2. Bei der Anwendung des Einkommensteuertarifs des § 32a Abs. 1 Satz 2 EStG auf diese Einkünfte muss notwendigerweise auch der Grundfreibetrag berücksichtigt werden.
Normenkette
EStG § 50 Abs. 3 S. 2
Nachgehend
Tatbestand
Streitig ist, ob der Mindeststeuersatz gemäß § 50 Abs. 3 Satz 2 Einkommensteuergesetz - EStG - auf die Einkünfte eines beschränkt Steuerpflichtigen aus selbstständiger Arbeit wegen Verstoßes gegen Artikel 52 des EG-Vertrages unanwendbar ist.
Der Kläger ist niederländischer Staatsangehöriger und hat seinen Wohnsitz in den Niederlanden. Er erzielte in der Bundesrepublik Deutschland im Streitjahr 1997 Einkünfte aus selbstständiger Tätigkeit in Höhe von 4.972 DM. Der Beklagte legte diese Einkünfte bei der Veranlagung zu Grunde und berechnete die Einkommensteuer nach § 50 Abs. 3 Satz 2 EStG auf 1.240 DM.
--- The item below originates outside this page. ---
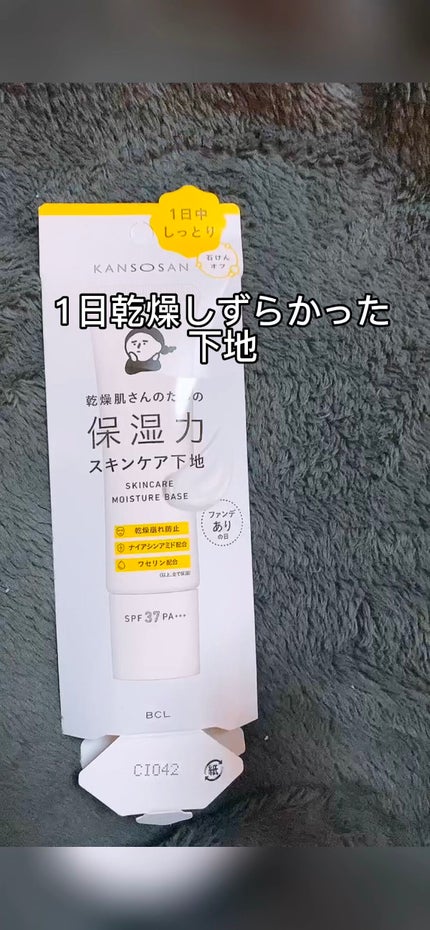 乾燥さん 保湿力スキンケア下地 /乾燥さん/化粧下地の人気ショート動画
In den Niederlanden wurde der Besteuerung des Klägers ein Unternehmensgewinn aus einem niederländischen Unternehmen und der - nach niederländischen Steuerrecht ermittelte - in Deutschland erzielte Gewinnanteil zu Grunde gelegt. Die sich ergebende Einkommensteuer wurde zur Vermeidung einer Doppelbesteuerung entsprechend dem Anteil der einbezogenen ausländischen Einkünfte vermindert.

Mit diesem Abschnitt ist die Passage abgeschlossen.